I am quite new to this so I am not sure if this was the best approach but I hope it helps.

tiamo405 commented 1 year ago

Hi. I was facing the same issue today on the Market1501 dataset, and in my case I think it had to do with self.optimizer.zero_grad() (found in _engine/trainloop.py). After changing this to self.optimizer.zero_grad(set_to_none=False) I started getting a different error, related to my GPU.

The problem with my GPU was that it was not able to allocate enough memory. I managed to fix this by adding a parameter to the autocast, in the same file, as follows with autocast(dtype=torch.float16):. Moreover, I also played around with the IMS_PER_BATCH in Base-bagtricks.yml. I had to reduce the batch size for both the SOLVER and the TEST fields. I also added torch.cuda.empty_cache() right after the self.grad_scaler.update(), but I don't think it is necessary. Emptying the cache ensured it worked during training but it also increased training time.

I am quite new to this so I am not sure if this was the best approach but I hope it helps.

hey, i am facing the same issue when running the getting started code, did you figure out the problem?
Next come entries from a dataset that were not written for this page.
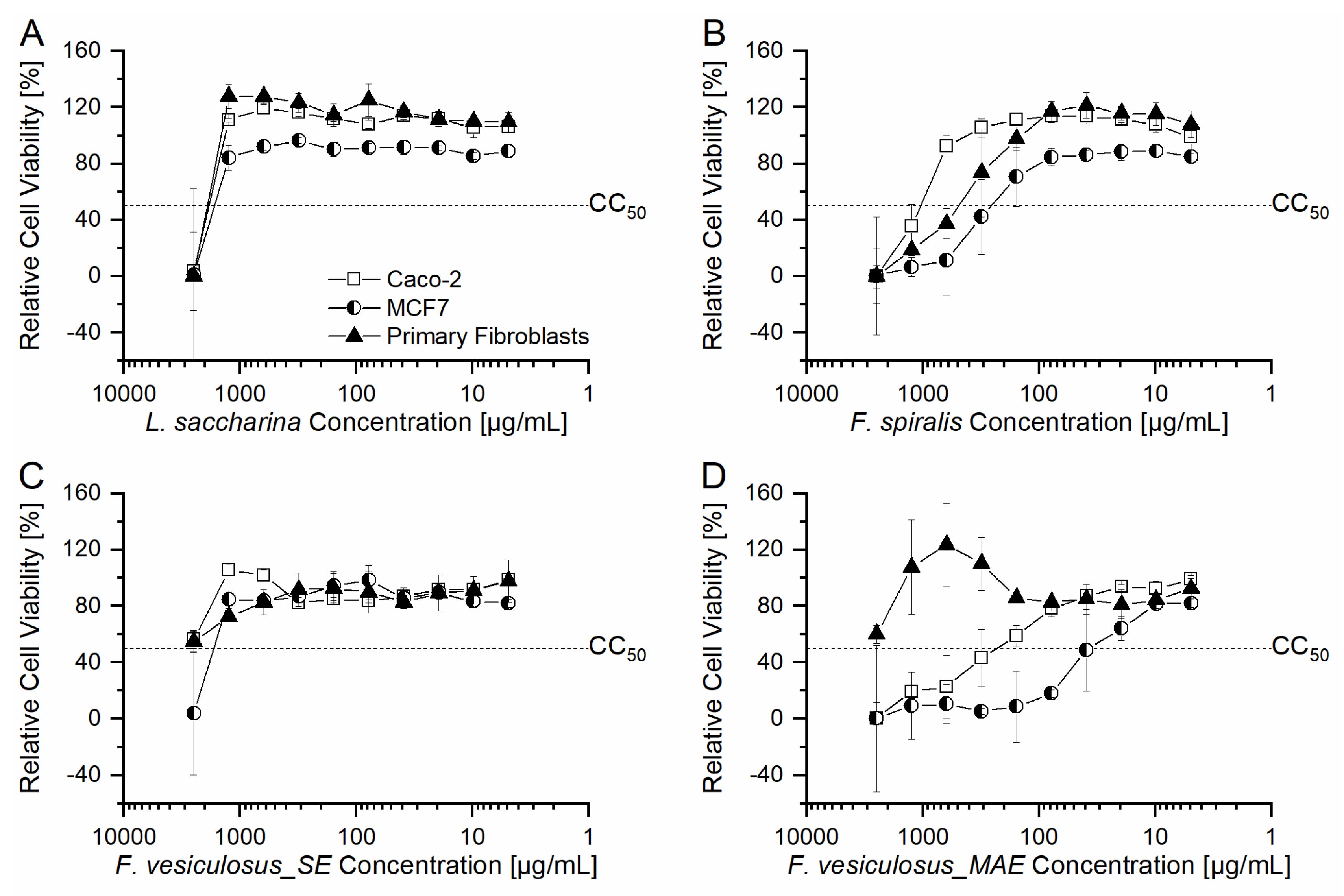 Marinedrugs 21 00048 g002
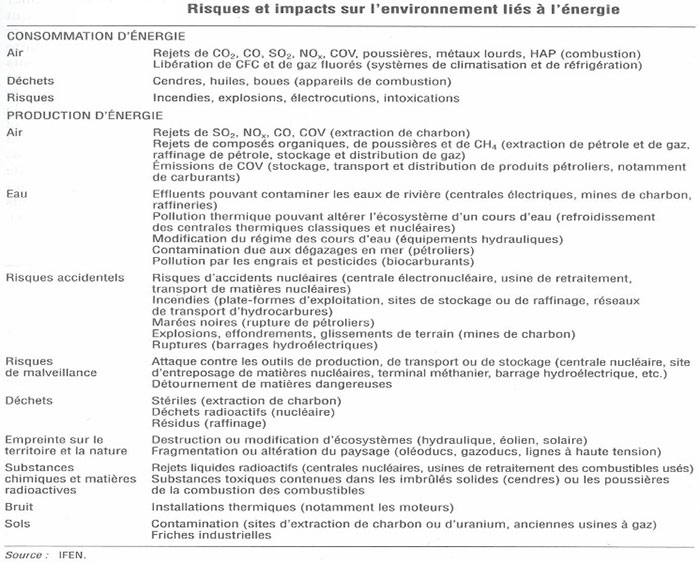 Fig. 3 : Risques et impacts sur l’environnement liés à l’énergie – Source : IFEN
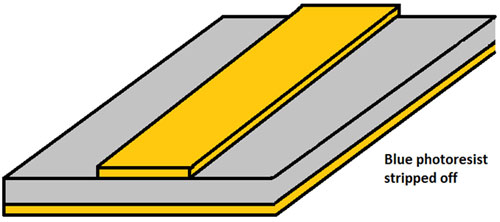 Etching Process Etching Process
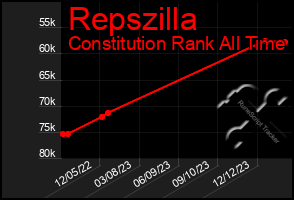 Total Graph of Repszilla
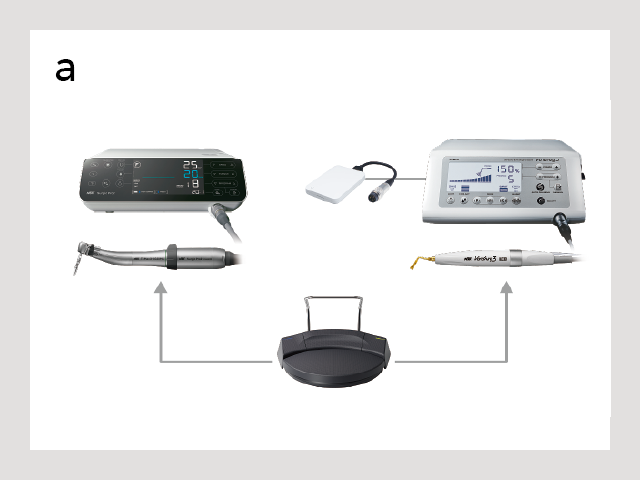 図6: a.b）Surgic Pro2とVarioSurg3は、スイッチまたはフットペダルで切り替えるだけで使用が可能となり便利である。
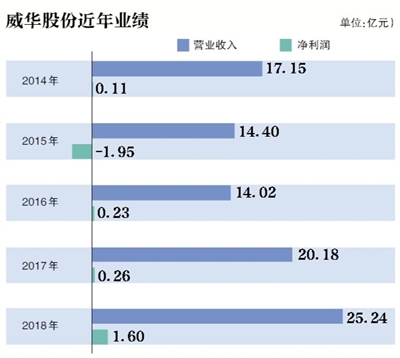 漯河天气评测3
update: just removed MODEL.DEVICE "cuda:0 from the command line

run this: python3 tools/train_net.py --config-file ./configs/Market1501/bagtricks_R50.yml"

my workaround was to downgrade pytorch version. pip install torch==1.11.0+cu113 torchvision==0.12.0+cu113 torchaudio==0.11.0 --extra-index-url https://download.pytorch.org/whl/cu113 then the program works normally

michal-kierzynka commented 1 year ago

In my case adding set_to_none parameter to optimizer.zero_grad fixed the problem: self.optimizer.zero_grad(set_to_none=False).

huiyiygy commented 9 months ago

Hi everyone, I also encountered this issue in Pytorch 2.0, and after debugging the code, I found a simple solution that does not require lowering the Pytorch version。 Just need to Set 'continuous=False' in line 380 of defaults.py

return build_optimizer(cfg, model)
# convert to
return build_optimizer(cfg, model, continuous=False)

In this way, it is avoided to convert the network's params to ContiguousParams.

I debugged code and found that if using ContiguousParams, after loss.backword() , the calculated gradient is None, and leading to training errors.

After setting'continuous=False', the network can train smoothly and may achieve higher precision : )

jveitchmichaelis commented 8 months ago

@huiyiygy Thanks for this! Minor typo, it should be contiguous=False, not continuous. Otherwise this seems to work and while you can train with AMP off, I get pretty terrible loss curves. With this set, loss immediately decreases as expected.